'What I wanted this whole time is just the truth'

Summary

Since Ronda Reynolds died in Lewis County nearly 11 years ago, questions have swirled whether she committed suicide, or was murdered. But now, for the first time, those questions -- and the evidence surrounding the case -- are being heard by a jury.

Story Published: Nov 2, 2009 at 4:43 PM PST

Story Updated: Nov 2, 2009 at 7:22 PM PST

'What I wanted this whole time is just the truth'
CHEHALIS, Wash. -- Since Ronda Reynolds died here nearly 11 years ago, no one in this community has been able to rest easy. Was Ronda killed and her murderer still running free? Or has the community simply been held hostage by a tragic suicide?

For the first time, those questions -- and the evidence surrounding the case -- are being heard by a jury. But this is not a criminal case; instead what's on trial is coroner Terry Wilson's decision all those years ago to call Ronda's death a suicide.

In this civil case, Ronda's mother Barb Thompson wants the judge and jury to overrule that decision.

"I guess maybe it just comes down to the truth," Thompson said. "That's, that's all I wanted the whole time is just the truth."

Nearly 11 years ago, Barb Thompson got the call at her Spokane horse farm that would turn her life upside down. Investigators had found her daughter Ronda dead of a gunshot in her Lewis County home. Investigators told her mother and closest friends it looked like suicide.

Like any family, they agonized: Could the former state trooper, so full of life, really have shot herself?

"You know, it started out trying to understand what happened," Thompson said.

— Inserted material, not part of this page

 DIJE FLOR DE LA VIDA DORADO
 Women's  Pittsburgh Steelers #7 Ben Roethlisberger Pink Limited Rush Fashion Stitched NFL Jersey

But unanswered questions nagged at Ronda's mother.

Ronda had booked a flight to Spokane and packed her bags just hours before she died. She scrawled a message on a bathroom mirror telling her husband to call her in Spokane.

And even though Ronda was right-handed, police reports put the gun in her left hand.

Thompson started asking questions.

"And then the more questions you ask, the more it doesn't make sense," she said.

She enlisted the help of the original Lewis County detective on the case, Jerry Berry.

"The totality of circumstances indicate that it's a murder," Berry said. "No doubt in my mind. Never has been. It was a murder in 1998; it's a murder today."

But Ronda's marriage was breaking up and her husband said she'd threatened suicide. Over Berry's objections, the Sheriff's Office closed the case and coroner Terry Wilson called it suicide.

But Thompson didn't give up. She collected evidence from the original investigation, tracked down new experts, and contacted the Problem Solvers.

We recreated decibel tests with a firearms expert to see how realistic it was that others in Ronda's house never heard the gunshot.

We visited the crime scene, testing if the closet door could have been closed. And we asked a new forensic pathologist with more than 2,000 autopsies to his credit how he interpreted Ronda's autopsy.

"This is not a self-inflicted wound," said Dr. Jeffrey Reynolds.

All Thompson's efforts have paid off and now a jury is hearing this evidence. But her search for answers has taken a toll. It's cost nearly everything she makes breeding horses.

Emotionally, the cost is even higher. And as Barb fights this battle, she just wishes she could feel Ronda by her side.

"For all the people I can read, for all the things I can sense... I don't, I don't sense her, and that's sad," she said.

No matter what the judge and jury ultimately decide in this case, Thompson knows she has done everything she can. And her plan once this is over is to finally scatter her daughter's ashes and let her rest.